After a few hours, the last part of which was a very steep climb through patches of deep snow, I came to Lake Annette – an ice-covered alpine lake with the spectacular Mount Temple behind it.
It began to rain, hard. I decided to wait it out, peeled an orange, and considered my options. Would I head back the way I came, or complete the circuit by carrying on up over the saddle and down the other side of the valley? For me, as someone who consistently, if not advisedly, rises to a challenge, there was little hesitation. As the rain eased I started scrambling up the rock slide. I haven’t hiked on anything quite like this before – beautiful big rocks covered with green and orange lichen – but not particularly stable. So I made my way tentatively, testing each step before trusting it with my full weight. It was a system of trial and error, with just enough error to get my adrenalin going. This may have been a good thing, as I needed it for the rest of the climb.

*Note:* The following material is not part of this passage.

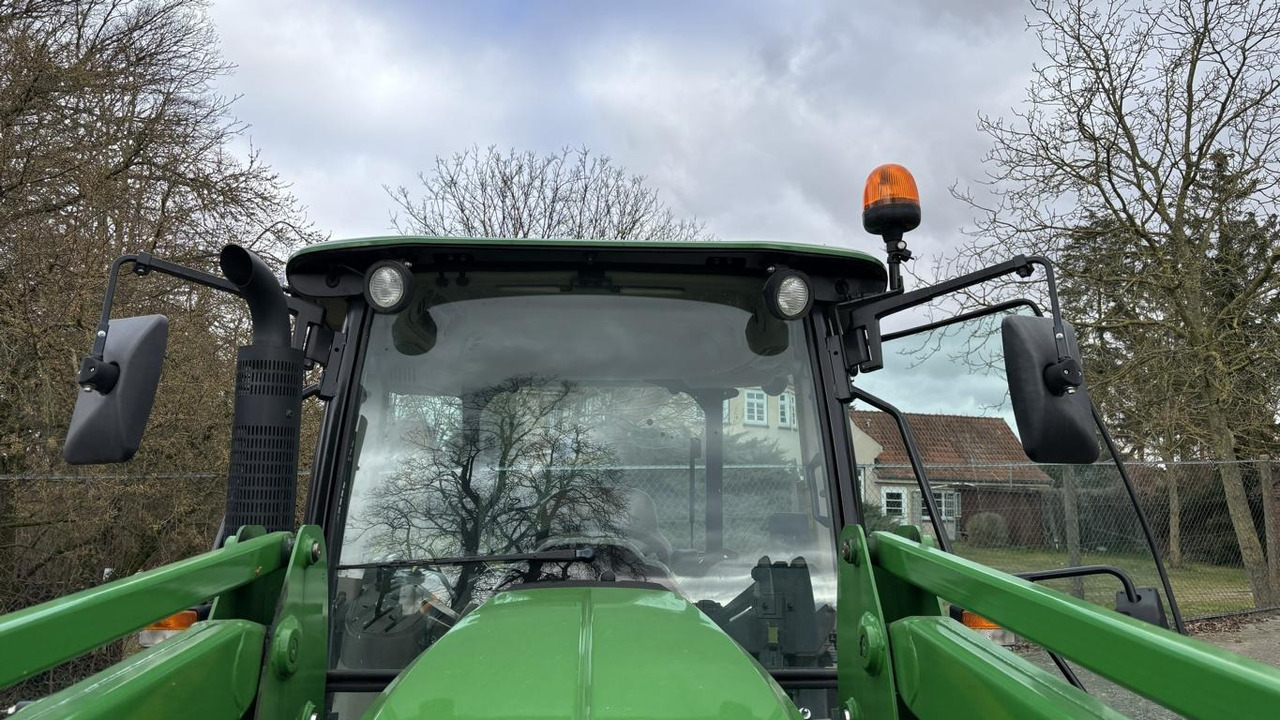 John Deere 5075E STUFE V - Трактор: снимка 2 John Deere 5075E STUFE V - Трактор: снимка 2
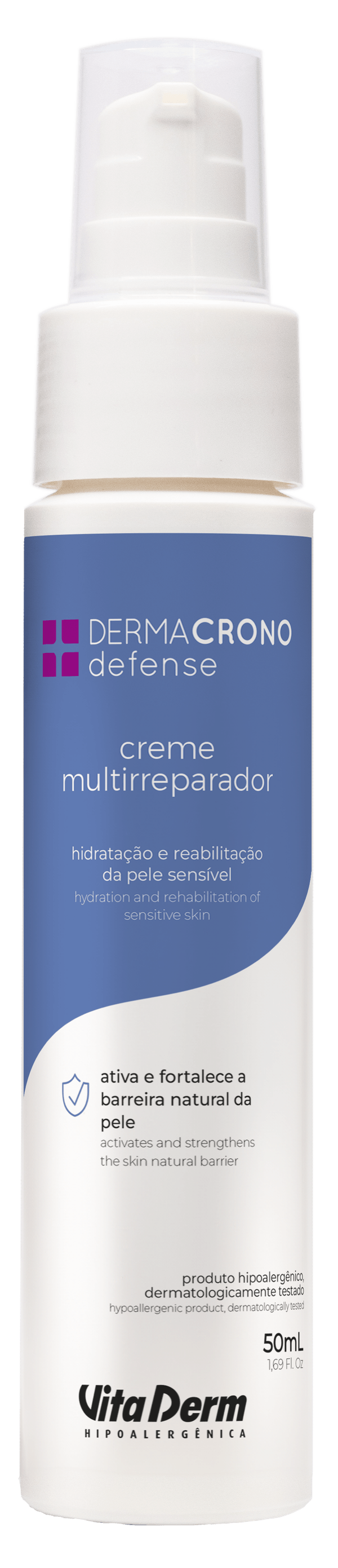 CREME MULTIRREPARADOR DERMACRONO DEFENSE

I came across snow about half-way up the saddle and decided to head for an area of larches towards the edge of the slide. Still picking my way, hopping from rock to rock, holding on to tree branches when possible. But inevitably there were rockless, treeless patches of snow that had to be crossed. One was particularly large. I stepped out gingerly onto the snowy surface. It held. Another step, fine. It seemed there was a solid crusty layer on top – or perhaps the snow just wasn’t that deep. I couldn’t tell, and didn’t do what I ought to have done, which is used a stick to measure the depth. Instead, I just struck out – as it were – and my next step did not hold. I found myself waist-deep in snow, and with every little wriggle I sunk deeper. But still my feet could feel no bottom. It was then that it occurred to me that the ‘stunted’ larches I thought I was seeing might not be stunted at all. I was just seeing the tops of trees, not the whole tree. This was not a happy or reassuring realization. Worse yet no one knew I was out here, on a closed trail. So no one would be looking. And I was woefully unprepared, with just a light-weight jacket to keep me warm, and half bottle of water, an apple, some cheese and crackers, and a few nuts to keep me – sort of – from dehydration and the lethargy of too little food over too long a time.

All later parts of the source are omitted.